# NER Model

In [5]:
from gensim.models import KeyedVectors
from nltk.corpus.reader.conll import ConllCorpusReader
import re
from math import floor
import numpy as np
import sys
import pandas as pd
import itertools
import matplotlib.pyplot as plt
from keras.layers.recurrent import LSTM
from keras.models import Sequential, Model, load_model
from keras.layers import Dense, Bidirectional, Flatten, Dropout, TimeDistributed
from keras.wrappers.scikit_learn import KerasClassifier
from keras.layers.normalization import BatchNormalization
from keras.utils import to_categorical
import keras.backend as K
from keras_contrib.layers import CRF
from sklearn.model_selection import KFold, StratifiedKFold, cross_val_score, train_test_split
from sklearn.metrics import confusion_matrix, f1_score, precision_score, recall_score

In [6]:
max_length = 70
num_featuers = 300

In [2]:
def get_padded_sentence_features(sentences, num_features, max_length, wv):
    features = np.empty((0, max_length, num_features))
    for i in range(len(sentences)):
        if i % 100 == 0:
            print("Processed", i, "of", len(sentences))
        sent = sentences[i]
        new_sent = []
        for j in range(max_length):
            if 0 <= j < len(sent):
                this_word = sent[j]
                if this_word in wv.vocab:
                    new_sent.append(wv.get_vector(this_word))
                elif this_word == '':
                    new_sent.append(np.zeros(num_features))
                else:
                    new_sent.append(np.random.uniform(-0.25,0.25, num_features))  # random vector for unknown
            else:
                new_sent.append(np.zeros(num_features))
                sent_labels = np.append(sent_labels, 'O')

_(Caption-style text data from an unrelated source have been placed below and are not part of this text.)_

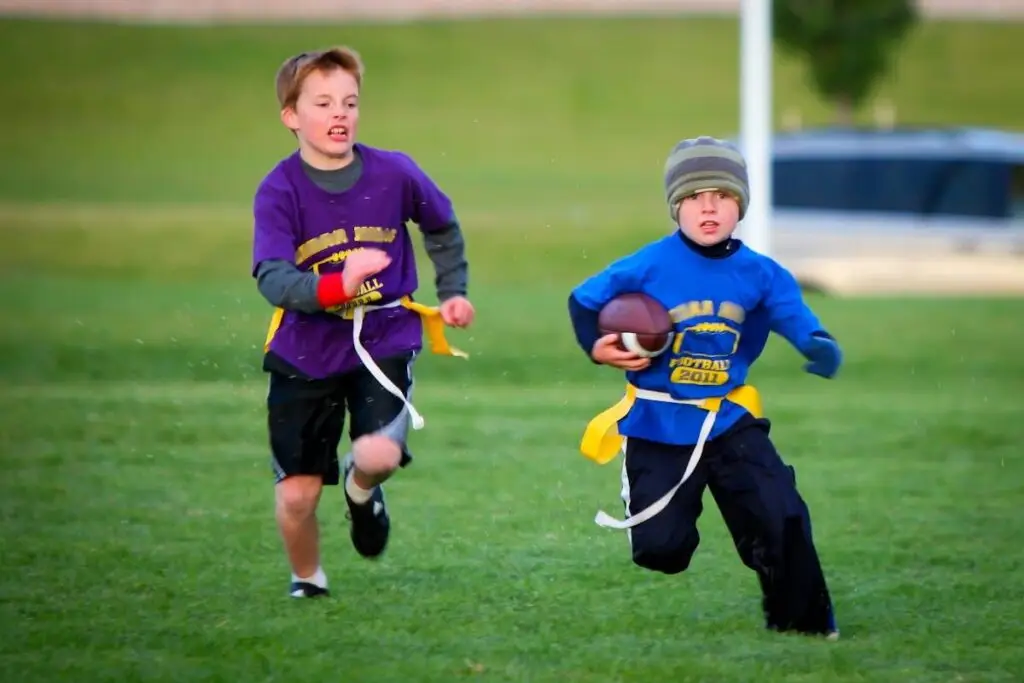 Two kids playing flag football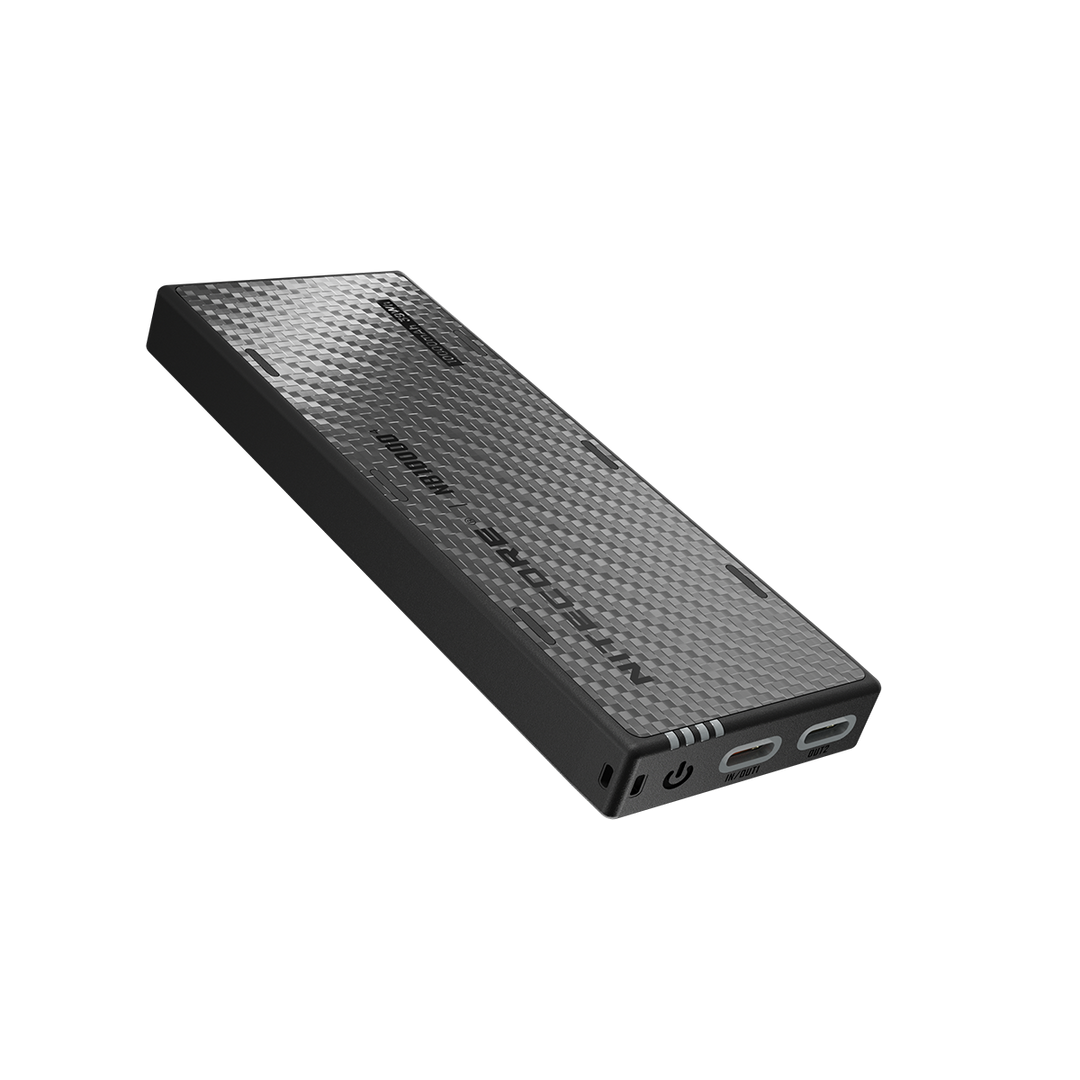 Black power bank with textured surface on a white background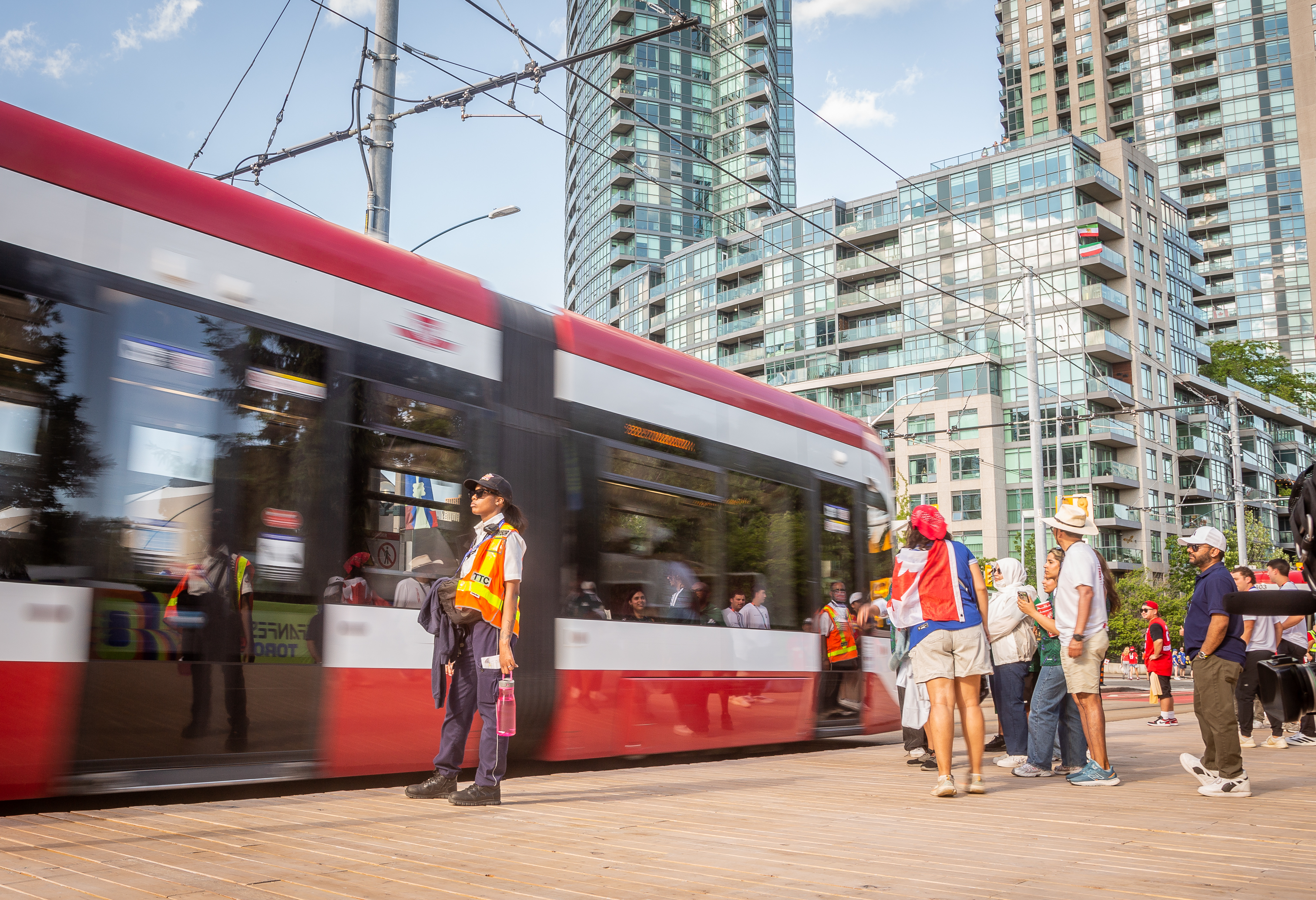 A TTC employee stands on the sidewalk while a crowd prepares to enter a TTC streetcar.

        feature_stack = np.dstack([[new_sent]])
        features = np.vstack([features, feature_stack])
        
    return features

In [3]:
nums_regex = re.compile(r'0+')
def clean_sents(sents, max_length):
    cleaned = []
    # remove sentences shorter than 5 words
    for sent in sents:
        if len(sent) > 4 and len(sent) <= max_length:
            new_sent = []
            # clean the words
            for word in sent:
                this_word = word.lower()
                new_word = ''
                # replace numbers with 0
                for char in this_word:
                    if char.isalpha():
                        new_word = new_word + char
                    elif char.isdigit():
                        new_word = new_word + '0'
                new_word = nums_regex.sub('0', new_word)
                new_sent.append((new_word, word[1], word[2]))
            cleaned.append(new_sent)
    return cleaned

In [None]:
def arr2label(cats, labels):
    new_labels = []
    for i in range(len(cats)):
        sent_labels = []
        for j in range(len(cats[i])):
            label = np.argmax(cats[i][j])
            label = labels[label]
            new_labels.append(label)
    return new_labels


## Load the Data

In [None]:
wv = KeyedVectors.load_word2vec_format('data/wiki.multi.en.vec.txt', binary=False)

In [None]:
wv_it = KeyedVectors.load_word2vec_format('data/wiki.multi.it.vec.txt', binary=False)

In [None]:
X_en_train = np.load('data/eng.X.train.npy', mmap_mode='r')
y_en_train_label = np.load('data/eng.y.train.npy', mmap_mode='r')

In [None]:
classes = ['B-MISC', 'I-MISC', 'I-LOC', 'B-PER', 'I-PER', 'B-LOC', 'I-ORG', 'B-ORG', 'O']
encoded_classes = range(num_classes)
class2idx = {classes[enc]: enc for enc in encoded_classes}

## Load the Model

In [None]:
model = load_model('models/full_train.h5', custom_objects={'CRF': CRF})

## Test the Model

In [None]:
test_sent1 = 'The model that Steven and Tony created had never seen a sentence such as this!'
test_sent2 = 'Sai la semplicità di Messer Nicia, che benché sia dottore, egli è el più semplice e il più sciocco uomo di Firenze'
test_sent2_eng = 'You know the simplicity of Messer Nicia, that although he is a doctor, he is the simplest and the silliest man in Florence'